Today in Idaho hospitals and COVID-19 (updated 1/24): Patients, ERs, ICUs
Get daily updates on Idaho hospital capacity, pediatric and adult COVID-19 hospitalizations
Boise’s Saint Alphonsus hospital is the trauma center for the region. Its emergency department, medical units and ICU are strained once more as COVID-19 cases increase again. (Otto Kitsinger for Idaho Capital Sun)
Editor’s note: The Idaho Capital Sun publishes this daily update on Idaho hospitals on weekdays.
It took barely two months for Idaho to revert back to crisis standards of care, as hospitals once again fill with COVID-19 patients and grapple with staffing shortages.
Idaho Health and Welfare Director Dave Jeppesen activated crisis standards for the Treasure Valley, Magic Valley and Wood River Valley.
The crisis is worsened by a shortage of blood supplies, in Idaho and nationwide, and by staffing shortages at nursing homes and rehabilitation facilities, where hospitals often send patients who no longer need hospitalization but aren’t well enough to send home.
Whether you’re a first-time blood donor or a seasoned pro, here’s where to find information: Visit redcrossblood.org for more information.
How to donate blood
Whether you’re a first-time blood donor or a seasoned pro, here’s where to find information:
Visit redcrossblood.org for more information.
Faster spreading than any other virus among humans, the omicron variant of the coronavirus is infecting people at record speeds. That means hospital workers have to stay out of work because they’re sick, in quarantine, or home with sick or quarantined family members. That causes a staffing problem.
Combined with the growing number of COVID-19 infections severe enough to need hospital care, Idaho health care is in a crunch.

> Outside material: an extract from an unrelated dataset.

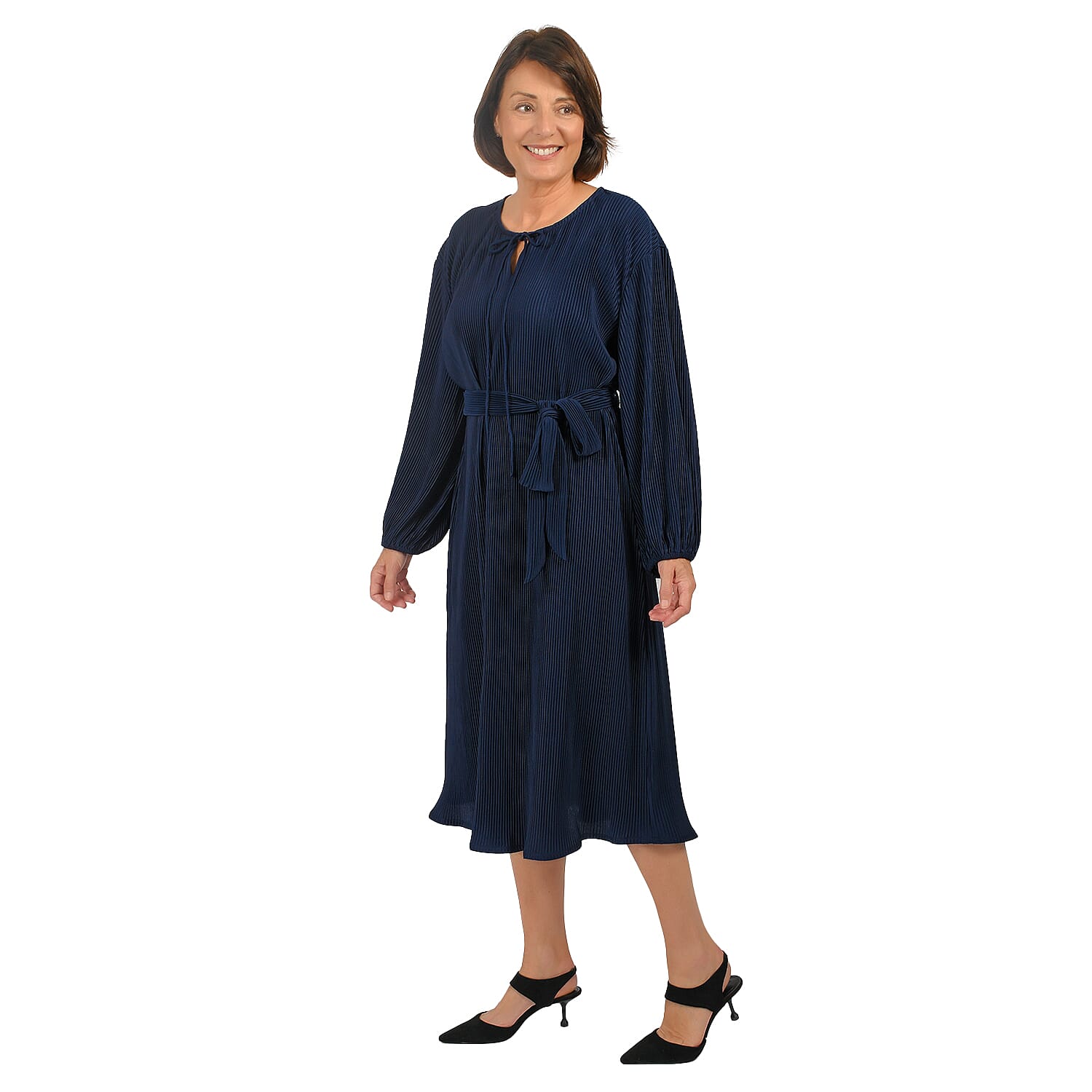 TAMSY Belted Plisse Round Neck Midi Dress with Keyhole & Tie Front Design (One Size, 8-18) - Navy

Child hospitalizations with COVID-19 are rising faster than those of adults, as the omicron variant surges through Idaho.
Many children aren’t yet eligible to receive a COVID-19 vaccine or booster shot.

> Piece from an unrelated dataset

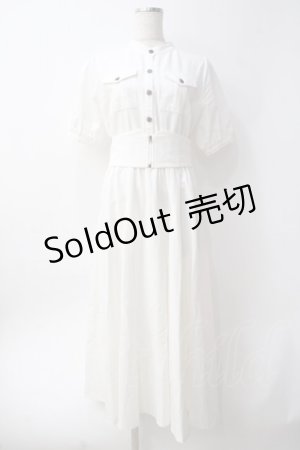 画像: axes femme / ベルト付ワンピース  白 Y-25-06-09-158-AX-OP-SZ-ZY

“We are seeing more sick children (in the hospital),” Dr. James Souza, chief physician executive, said in a media briefing this month. “I’d point out, though, that that is probably, almost certainly, just a side effect of the huge number” of cases among children, as opposed to a sign that omicron is more virulent in kids, he said.

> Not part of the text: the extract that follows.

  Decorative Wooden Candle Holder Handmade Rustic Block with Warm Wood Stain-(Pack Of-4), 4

Infants and young children cannot be vaccinated. They also have smaller airways than adults, Souza noted. The omicron variant seems to more easily attack the upper airways, which causes symptoms similar to “croup,” a common ailment in young children that can result in hospitalization.
“And we’re also seeing and children … with vomiting and diarrhea as a presenting symptom of COVID,” he said.
Just one month after emerging from its first-ever hospital crisis declaration, Idaho is heading back in the wrong direction.
Idaho hospitals reported more than 500 patients with COVID-19 over the weekend. They started this month with a total of about 250 coronavirus patients each day.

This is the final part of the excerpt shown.